## Data supplied
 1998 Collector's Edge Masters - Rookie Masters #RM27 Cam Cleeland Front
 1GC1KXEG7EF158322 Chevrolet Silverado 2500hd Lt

...

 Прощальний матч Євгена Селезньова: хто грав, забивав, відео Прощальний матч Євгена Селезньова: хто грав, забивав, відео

## Work required
When you reach the line with "1998 Collector's Edge" in the records above, start writing out lines exactly, and stop once the line with "1GC1KXEG7EF158322 Chevrolet Silverado" has been written; include nothing else.

## Your solution
 1998 Collector's Edge Masters - Rookie Masters #RM27 Cam Cleeland Front
 1GC1KXEG7EF158322 Chevrolet Silverado 2500hd Lt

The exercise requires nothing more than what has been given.